What you should do » Begin at the line below that has "Mush (Họa Sĩ Thiên Tài) Chapter 9 trang 119". Stop after the line that has "Roosevelt Park Seaway", repeating each line exactly and leaving out the pictures.

(Data for this task)

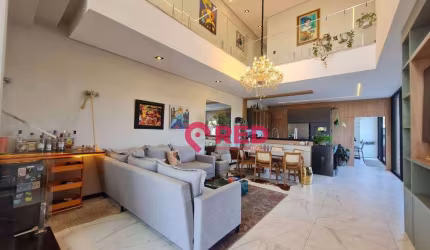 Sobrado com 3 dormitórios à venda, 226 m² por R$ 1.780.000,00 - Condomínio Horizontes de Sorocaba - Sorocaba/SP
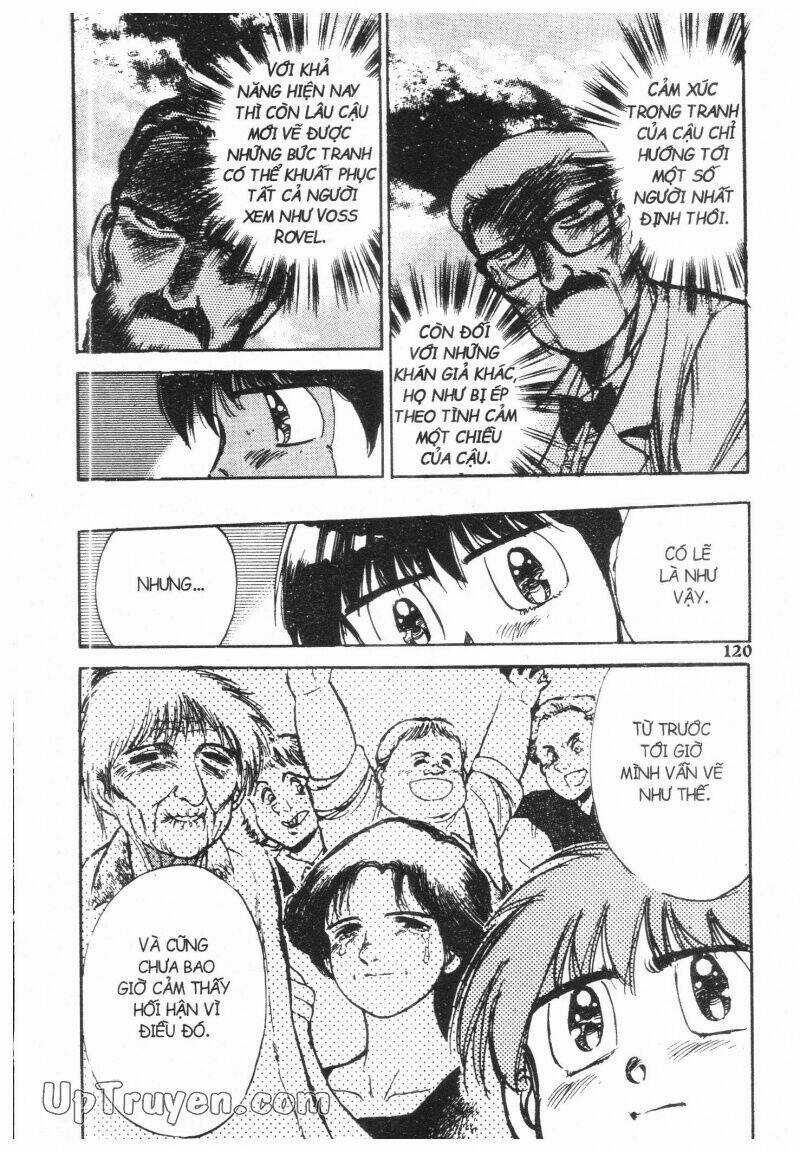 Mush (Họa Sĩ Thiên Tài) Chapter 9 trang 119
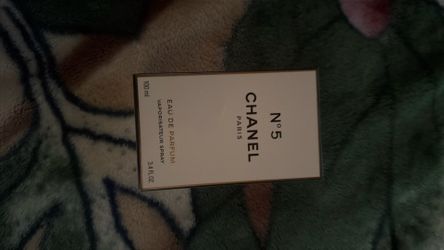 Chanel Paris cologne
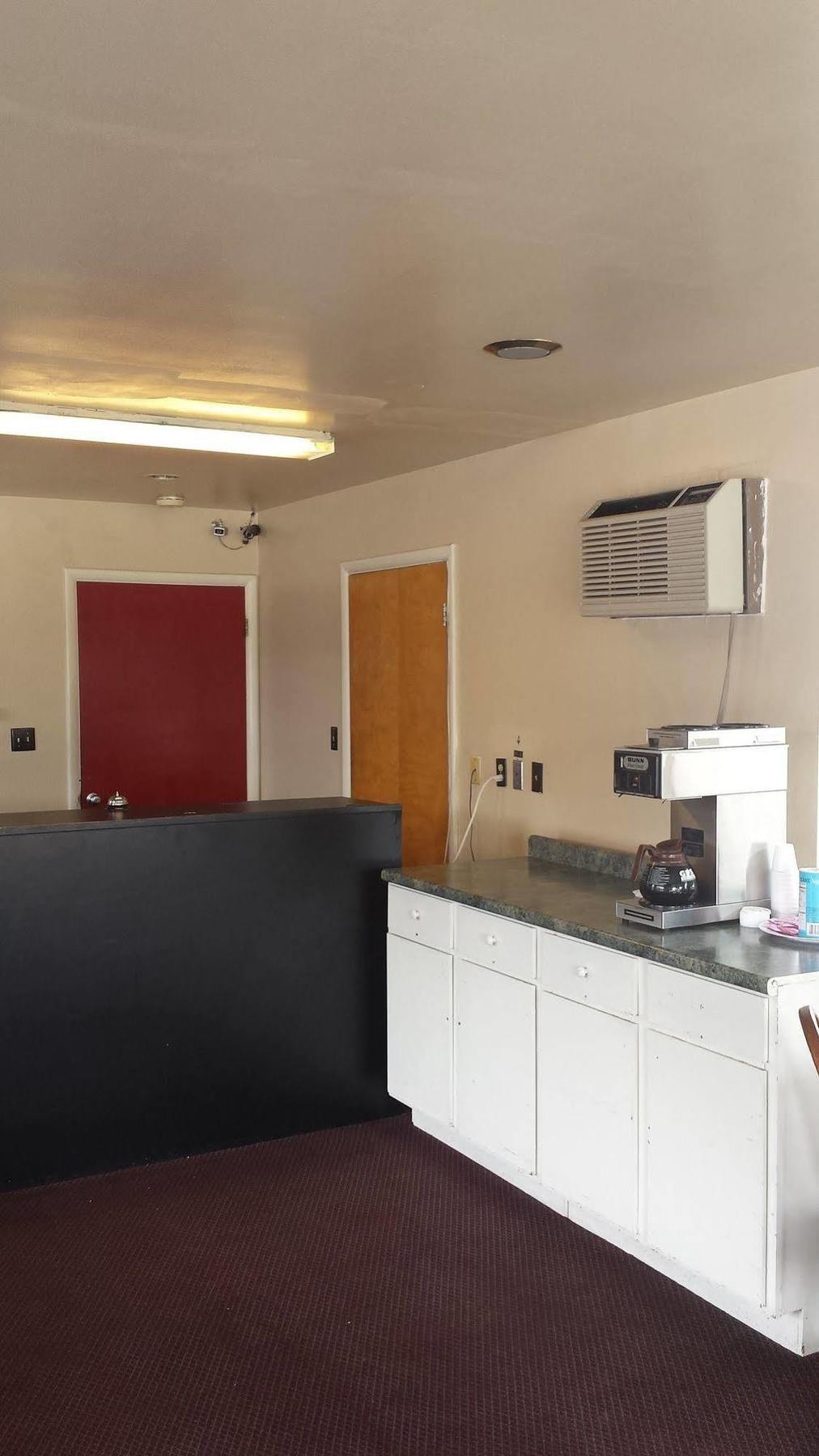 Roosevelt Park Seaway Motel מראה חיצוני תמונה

(End Data for this task)
(Data for this task)

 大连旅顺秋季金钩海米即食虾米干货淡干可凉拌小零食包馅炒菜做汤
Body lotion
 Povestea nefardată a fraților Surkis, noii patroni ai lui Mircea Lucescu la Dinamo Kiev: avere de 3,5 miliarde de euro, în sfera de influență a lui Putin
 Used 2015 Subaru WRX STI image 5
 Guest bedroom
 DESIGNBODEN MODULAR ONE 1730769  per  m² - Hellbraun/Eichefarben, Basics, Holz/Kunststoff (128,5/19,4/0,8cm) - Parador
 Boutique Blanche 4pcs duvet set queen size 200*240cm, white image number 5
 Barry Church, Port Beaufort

(End Data for this task)
(Data for this task)

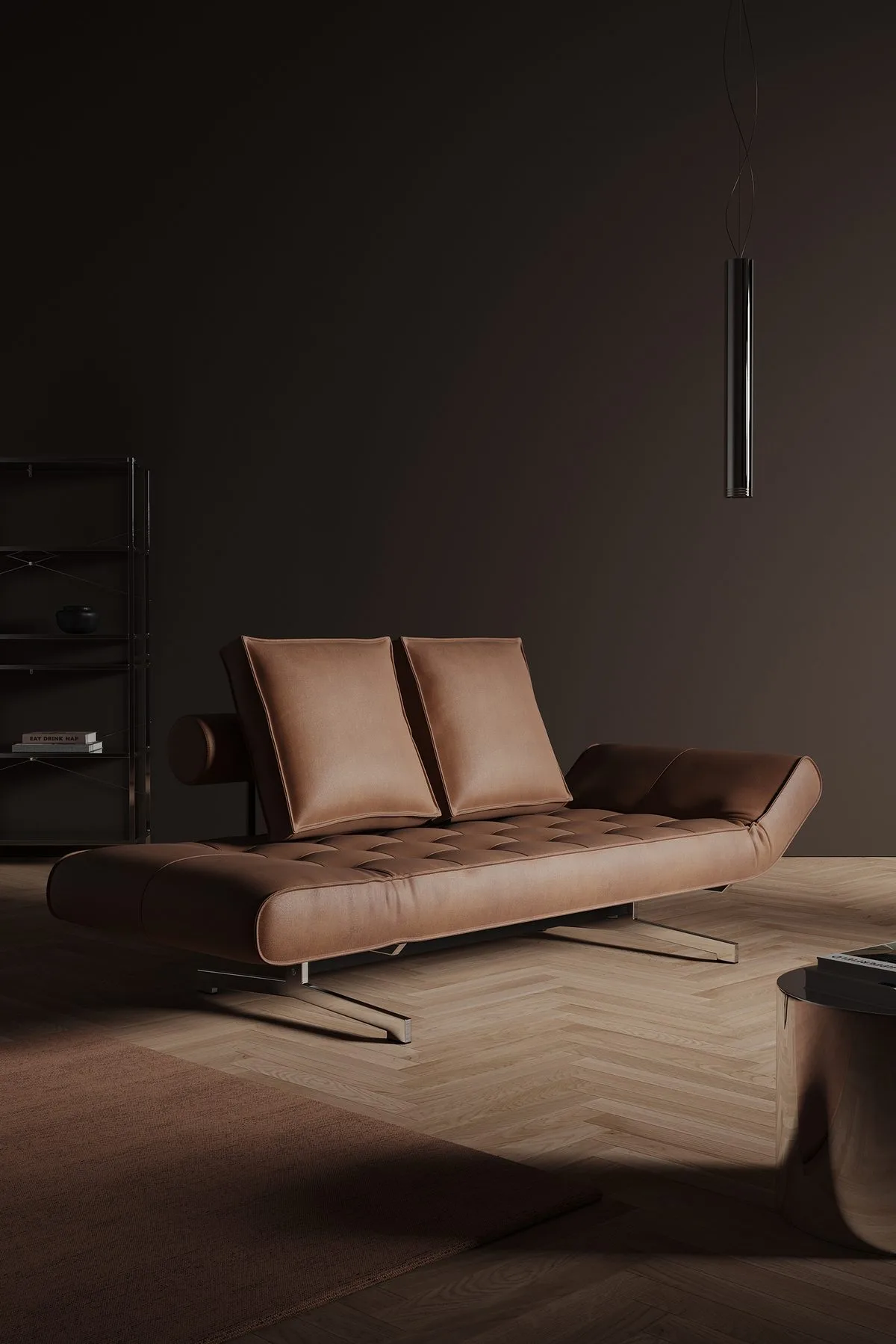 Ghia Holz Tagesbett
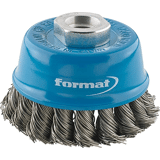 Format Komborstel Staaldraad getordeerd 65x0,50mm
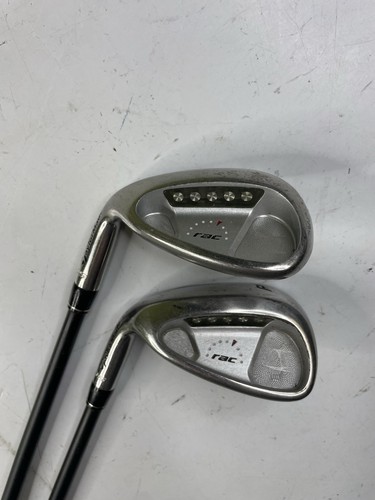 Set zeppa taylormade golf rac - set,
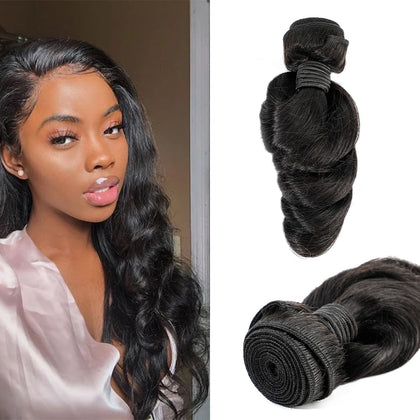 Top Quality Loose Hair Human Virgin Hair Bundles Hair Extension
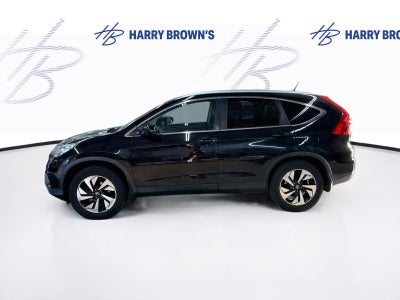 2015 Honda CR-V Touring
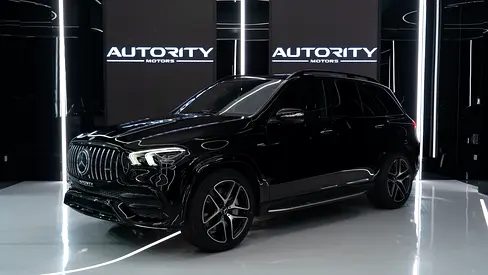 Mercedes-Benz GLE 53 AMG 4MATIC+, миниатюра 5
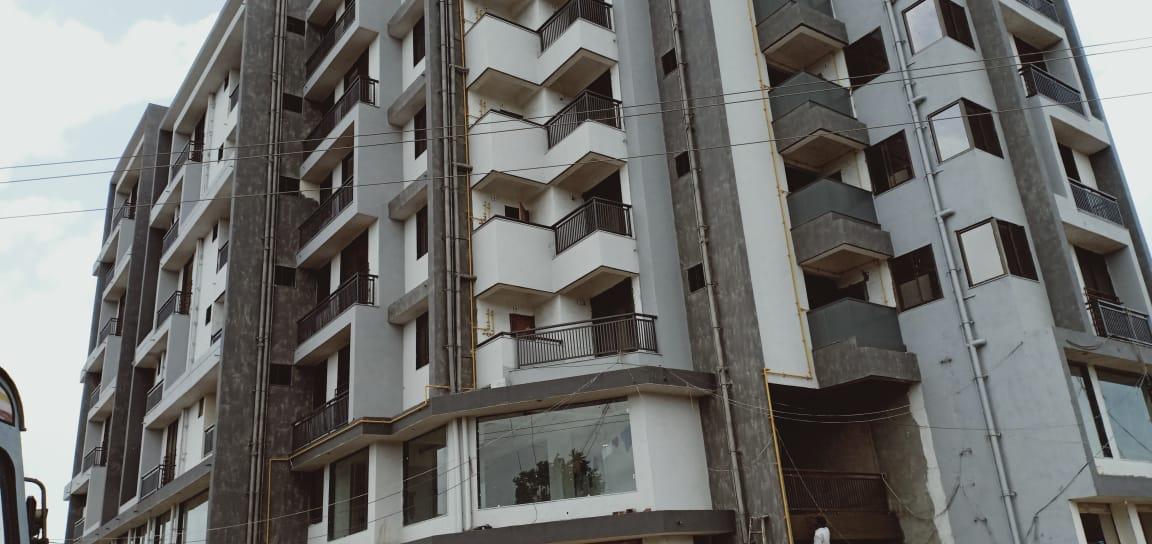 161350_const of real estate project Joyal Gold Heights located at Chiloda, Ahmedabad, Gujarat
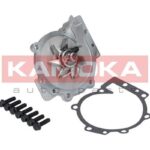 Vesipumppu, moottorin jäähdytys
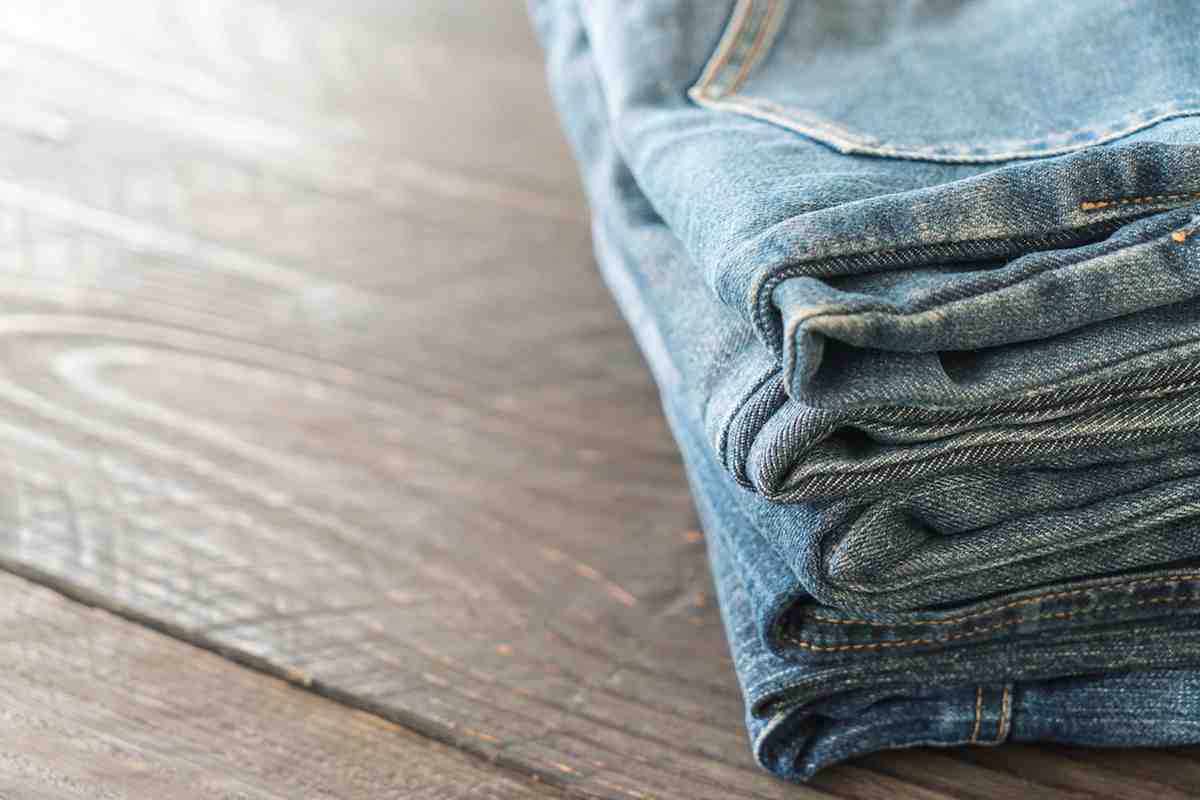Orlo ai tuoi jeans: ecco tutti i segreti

(End Data for this task)

The answer »
 Mush (Họa Sĩ Thiên Tài) Chapter 9 trang 119
 Chanel Paris cologne
 Roosevelt Park Seaway Motel מראה חיצוני תמונה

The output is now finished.